---------- Extracted information
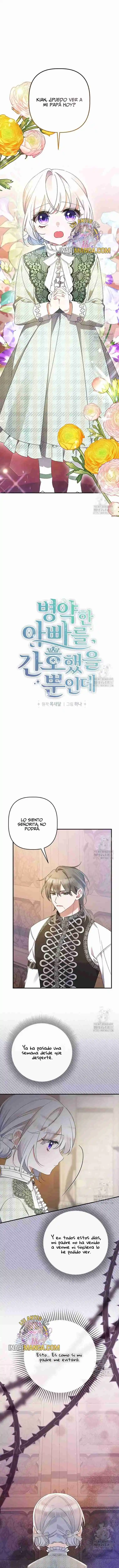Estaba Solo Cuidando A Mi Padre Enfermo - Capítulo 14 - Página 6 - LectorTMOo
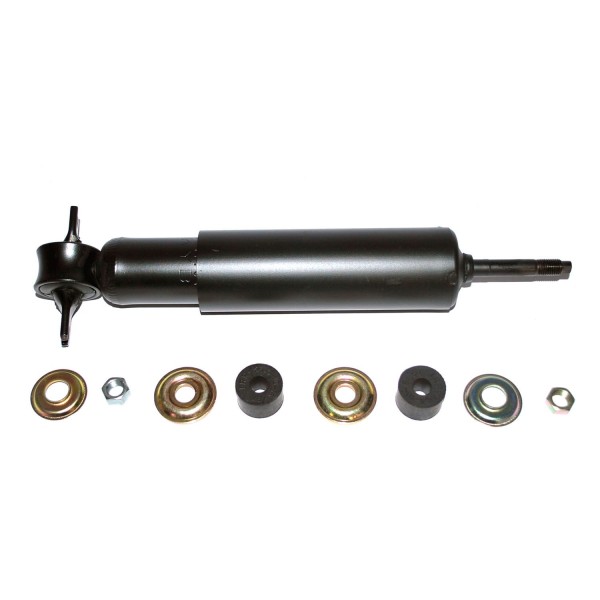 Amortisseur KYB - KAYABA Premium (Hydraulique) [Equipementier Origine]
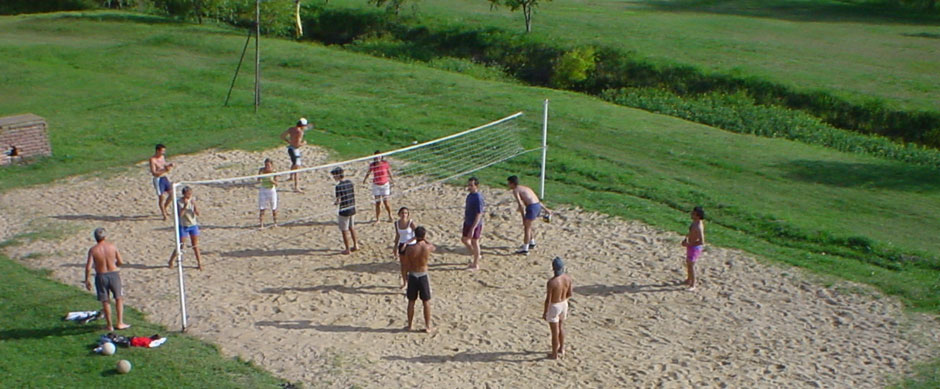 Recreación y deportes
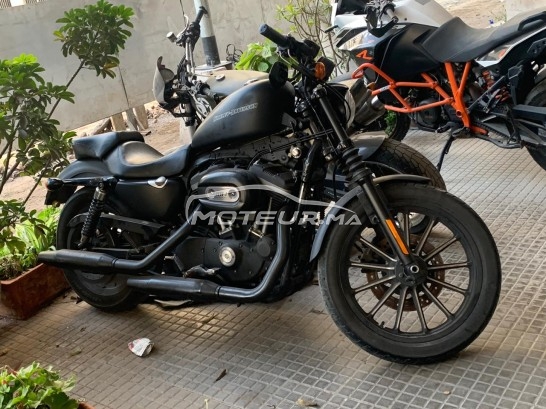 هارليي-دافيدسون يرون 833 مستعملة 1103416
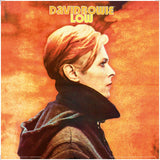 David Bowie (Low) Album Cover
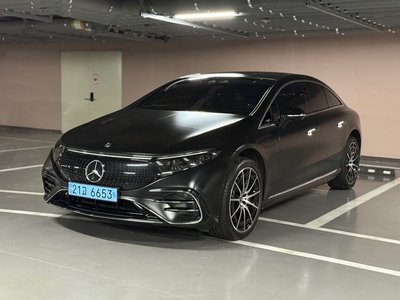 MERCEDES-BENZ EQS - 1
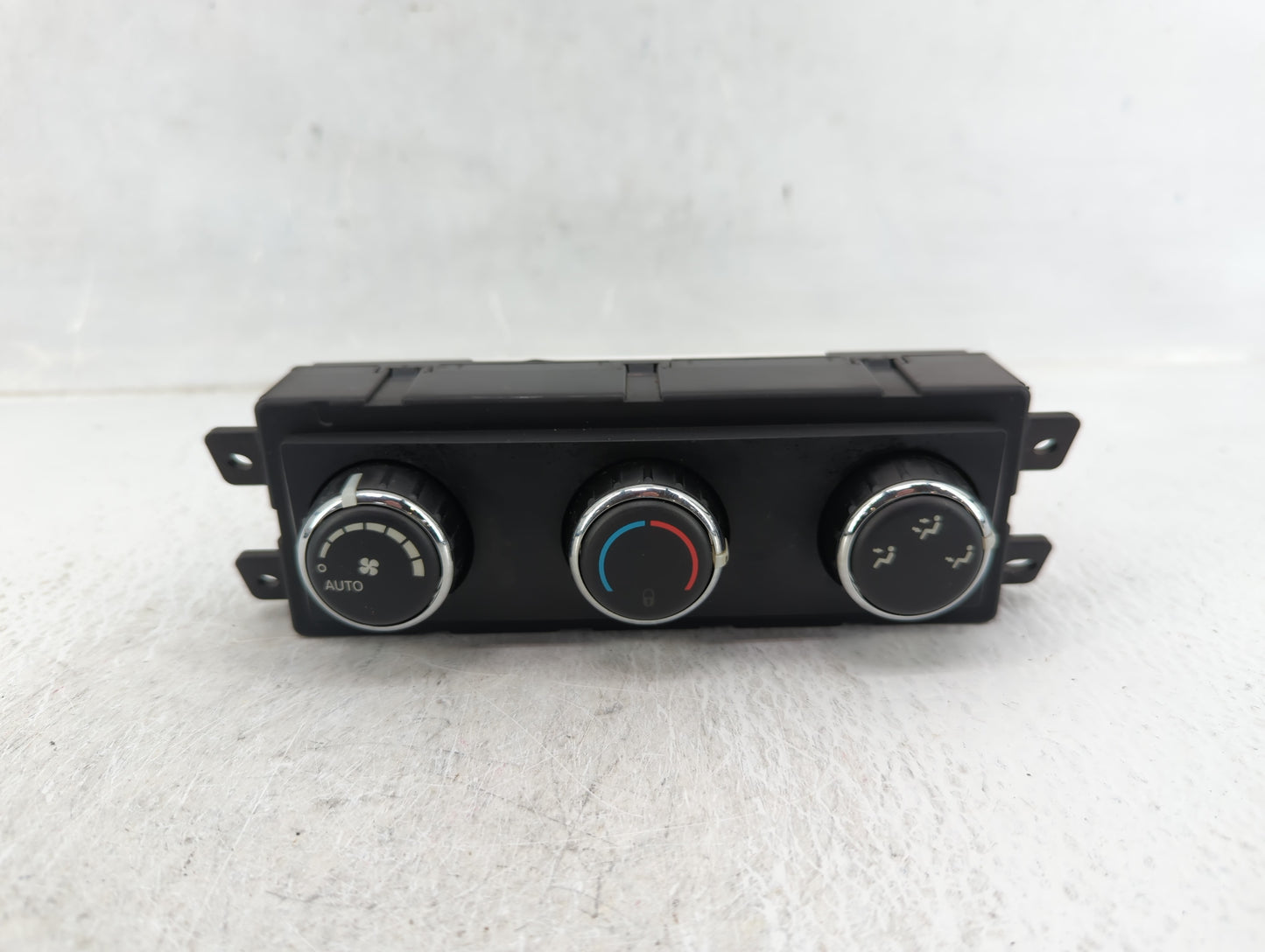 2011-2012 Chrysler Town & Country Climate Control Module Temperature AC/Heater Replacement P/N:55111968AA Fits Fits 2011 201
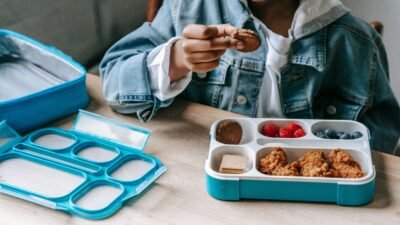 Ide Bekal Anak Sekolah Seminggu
--------------------
→ Exercise objective
Each line from the one with "MERCEDES-BENZ EQS - 1" to the final line of the data above is to be printed exactly; no picture should appear in the copy.

→ Answer to this exercise
 MERCEDES-BENZ EQS - 1
 2011-2012 Chrysler Town & Country Climate Control Module Temperature AC/Heater Replacement P/N:55111968AA Fits Fits 2011 201
 Ide Bekal Anak Sekolah Seminggu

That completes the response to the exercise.